The Senate’s parliamentarian declared late Sunday that Democrats can’t use their $3.5 trillion proposal to enhance social and climate programs in order to offer millions of immigrants a chance to become citizens, the Associated Press reported.
Senate parliamentarian Elizabeth MacDonough blew to Democrats’ plan to provide 8 million greencards as part of a sweeping spending package. She warned it doesn’t comply with tight rules that determine what can be in the bill, the Hill reported.
MacDonough’s guidance likely closes the door to Democrats using the spending bill to provide a pathway to citizenship for millions of immigrants.
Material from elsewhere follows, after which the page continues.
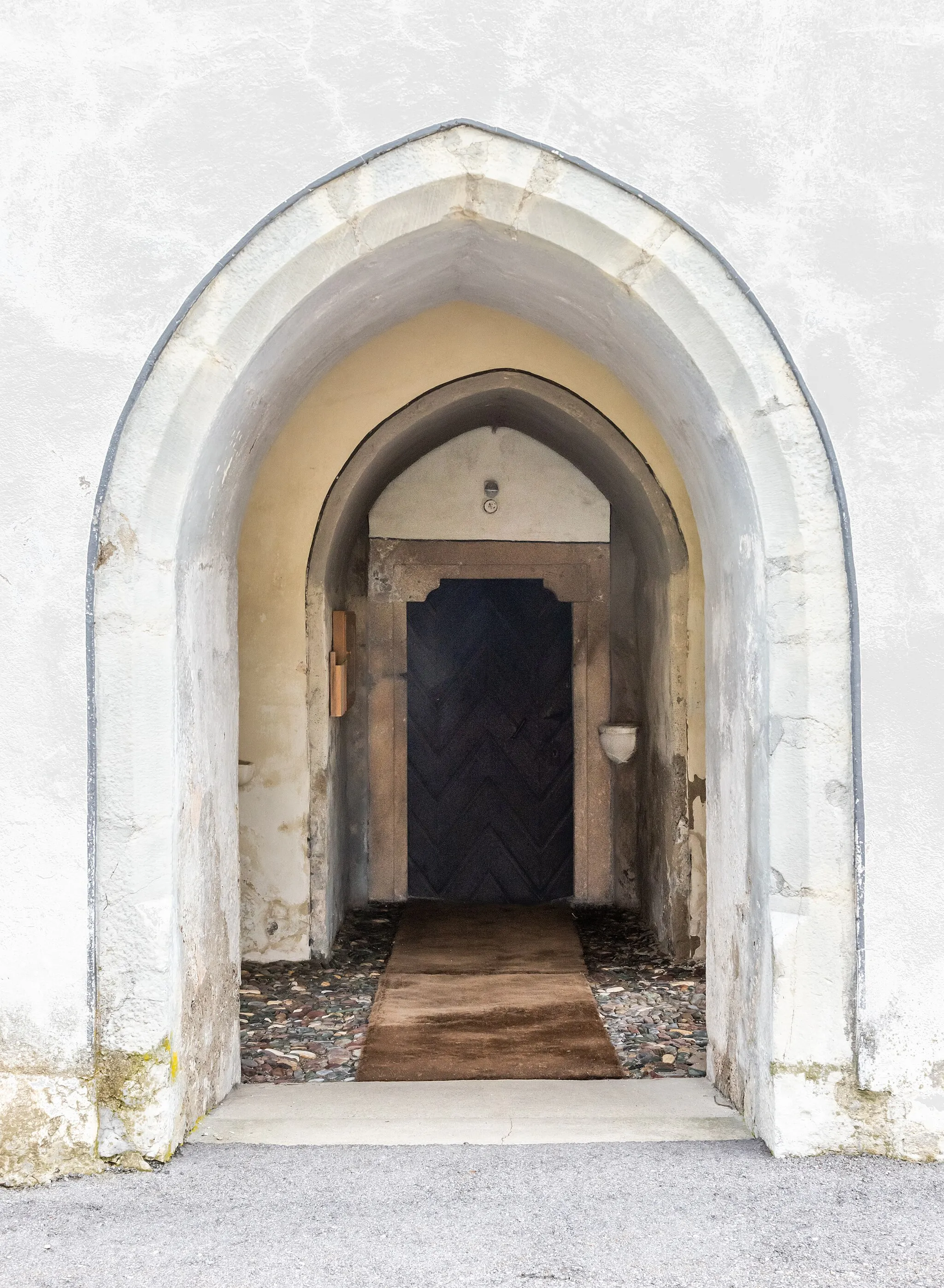 Photo showing: Western portal of the parish church Saint George in Feistritz an der Drau, market town Paternion, district Villach Land, Carinthia, Austria, EU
MacDonough voted against Democratic language that would have opened the door to citizenship for young immigrants brought to the country illegally as children, known as “Dreamers,” as well as immigrants with Temporary Protected Status who have fled countries hit by natural disasters or extreme violence, essential workers, and farm workers.
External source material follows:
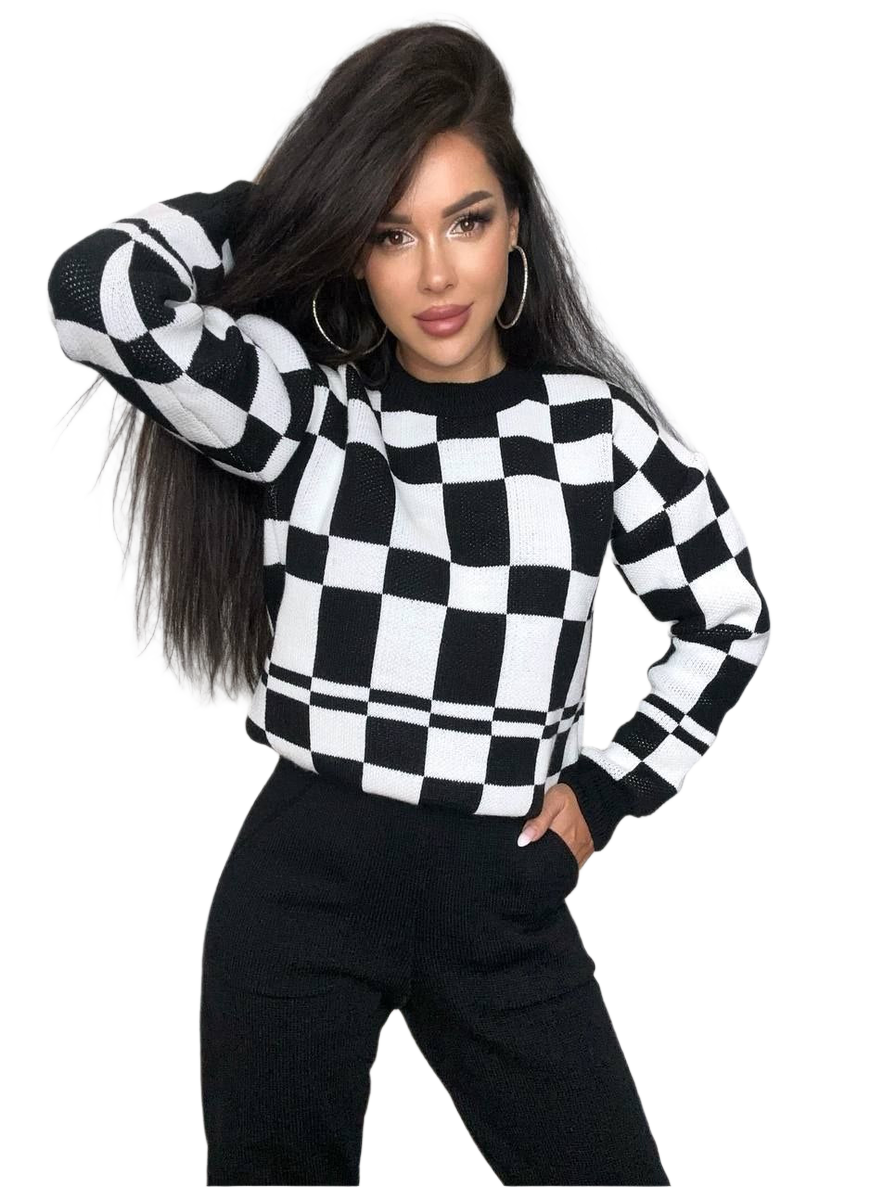 Person wearing a black and white checkered sweater on a white background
“The policy changes of this proposal far outweigh the budgetary impact scored to it and it is not appropriate for inclusion in reconciliation,” she wrote in the ruling obtained by The Hill.
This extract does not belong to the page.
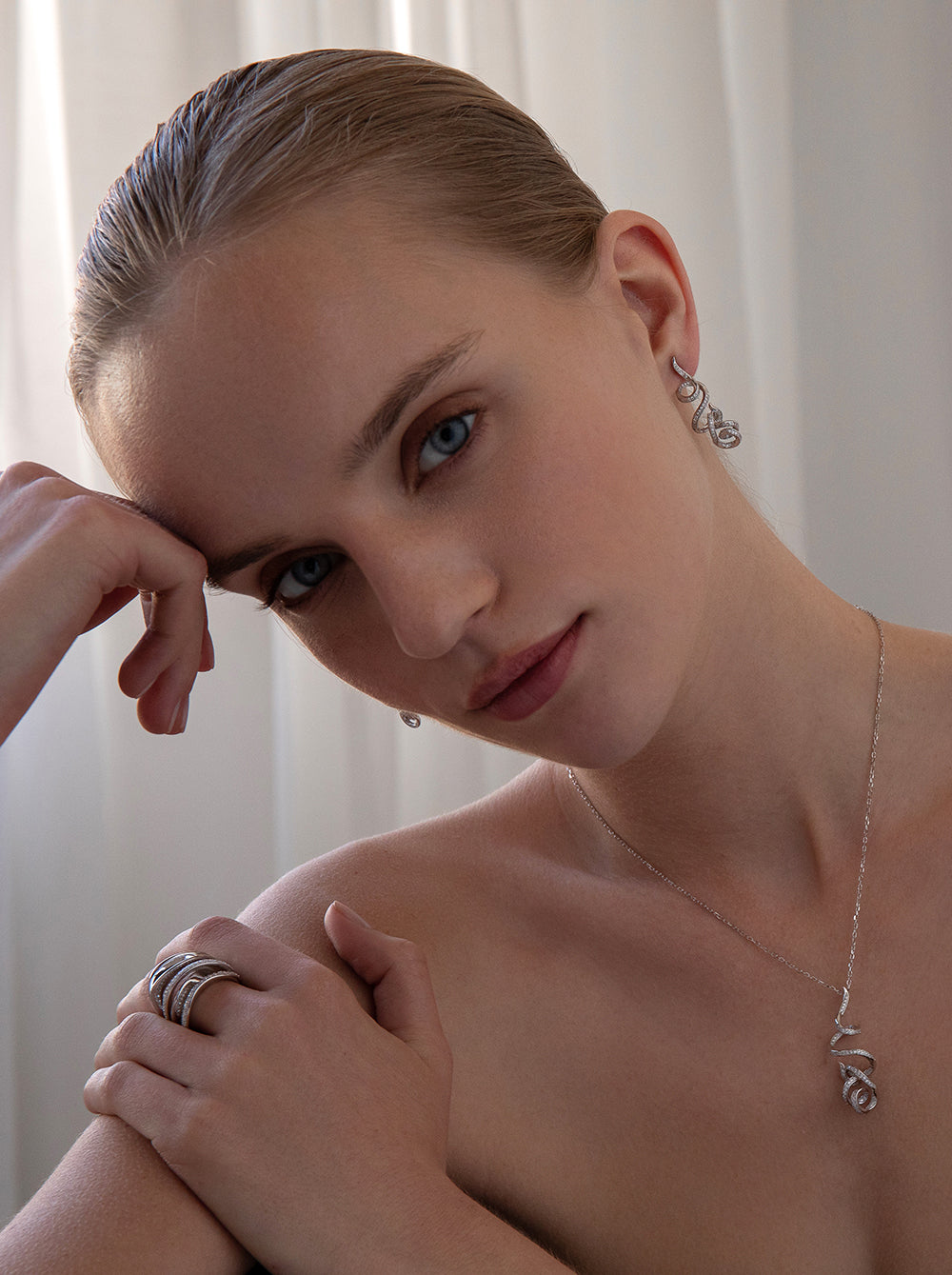 Long, tangled earrings with cubic zirconia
Earlier this month, Democrats pitched MacDonough on their idea to utilize the $3.5 trillion spending measure to offer 8 million greencards to four types of immigrants: Dreamers, TPS holders, agricultural workers, and critical workers.
Democrats’ assertions that there is precedent for including immigration reform in reconciliation were dismissed by the parliamentarian. A 2005 GOP-led reconciliation package that addressed a visa backlog was frequently cited by Democrats, according to Politico.
The parliamentarian noted that the 2005 bill was “the product of a bipartisan agreement” and that the provisions “are distinguishable as they applied to persons who were already admissible and not barred under law from applying for status, which is not the case here.”
Reaction of Democrats
Democrats and their pro-immigration allies have suggested they will offer MacDonough alternatives that would allow at least some immigrants to gain permanent status.
“We are deeply disappointed in this decision but the fight to provide lawful status for immigrants in budget reconciliation continues,” Senate Majority Leader Chuck Schumer, D-N.Y., said in a written statement. “Senate Democrats have prepared alternate proposals and will be holding additional meetings with the Senate parliamentarian in the coming days.”
“The parliamentarian’s recommendation is just that: a recommendation,” tweeted Greisa Martinez Rosas, executive director of United We Dream, an immigrants’ rights group. “Democrats can still deliver citizenship this year. It’s time they side with millions of immigrants, our friends, and our communities. This isn’t over. We need citizenship THIS YEAR.”